All methods were implemented using MATLAB 2022b on a system with Ubuntu 20.04 LTS Linux OS, Intel Core i9-10980XE 3.0 GHz 18-Core Processor, 256 GB RAM, and dual NVIDIA Quadro RTX 5000 GPUs.

3 Results

In Figure 6, the clustering of the Vis observations using the t-SNE plot demonstrates that at the lower levels of Vis (Vis ≤400 m and 400 < Vis ≤1,000 m), there may be two physical discriminations of Vis. Based on the definition of fog microphysical parameters, the accumulation of the data points in the two regions at Vis ≤1,000 m is likely due to fog microphysical conditions. Gultepe et al. (2007) showed that Vis is the function of both LWC and N_d, and the same Vis can be obtained by changing droplet spectral characteristics, such as the variance and spectral gaps, both of which are critical conditions that affect nowcasting of the Vis parameter. However, the clusters in the t-SNE plot were obtained without using either of the values in the analyses, which suggests that LWC and N_d may be acting as latent processes in the observations used in the current study.

FIGURE 6

FIGURE 6. The t-SNE plot of the observed Vis. The plotted clusters show that despite having the same level of Vis, the observations may be reflecting the underlying distribution of the N_d and LWC values although they were not used in any analysis for this study.

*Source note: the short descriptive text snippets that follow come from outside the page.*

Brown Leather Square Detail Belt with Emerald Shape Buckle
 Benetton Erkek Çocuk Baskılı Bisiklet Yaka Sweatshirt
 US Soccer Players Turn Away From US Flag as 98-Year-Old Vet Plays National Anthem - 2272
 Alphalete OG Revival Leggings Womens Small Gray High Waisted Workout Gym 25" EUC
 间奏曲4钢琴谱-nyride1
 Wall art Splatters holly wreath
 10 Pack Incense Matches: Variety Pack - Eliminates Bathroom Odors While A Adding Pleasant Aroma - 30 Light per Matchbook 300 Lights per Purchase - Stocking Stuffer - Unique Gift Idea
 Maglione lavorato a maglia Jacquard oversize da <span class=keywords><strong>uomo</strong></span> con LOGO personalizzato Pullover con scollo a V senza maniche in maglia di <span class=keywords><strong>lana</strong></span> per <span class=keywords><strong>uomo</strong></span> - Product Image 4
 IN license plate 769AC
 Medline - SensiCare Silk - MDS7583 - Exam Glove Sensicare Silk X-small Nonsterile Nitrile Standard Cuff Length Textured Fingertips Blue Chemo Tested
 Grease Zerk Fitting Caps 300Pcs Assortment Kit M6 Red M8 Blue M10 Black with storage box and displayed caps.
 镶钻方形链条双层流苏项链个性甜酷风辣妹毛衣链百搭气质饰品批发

Using the selected variables of U_h, RH_w, and T_a-T_d, which were among the highest correlated with Vis as shown in the correlation heatmap (Figure 7), nowcasting with SVR, LSB, and DL regression was performed for four different cases: 1) Case 1: lead time of 30 min, Vis <1 km; 2) Case 2: lead time of 30 min, Vis <10 km; 3) Case 3: lead time of 60 min, Vis <1 km; and 4) Case 4: lead time of 60 min, Vis <10 km. The RMSE and SS of the nowcasts are shown in Tables 3, 4, respectively. In Figures 8–11, the time series plots of the Vis nowcasts against the observed Vis are shown. The Supplemental Material contains the nowcast plots for both Per and PerW methods in all four cases.

FIGURE 7

FIGURE 7. Heat map of the meteorological parameters used in the ML analysis. When r > 0.3, variables are considered to be significant and used in the analysis. The variables U_h, RH_w, T_a-T_d were selected for analysis as they had statistically significant correlation (p < 0.001) and a moderate magnitude of correlation (r > 0.30) with Vis.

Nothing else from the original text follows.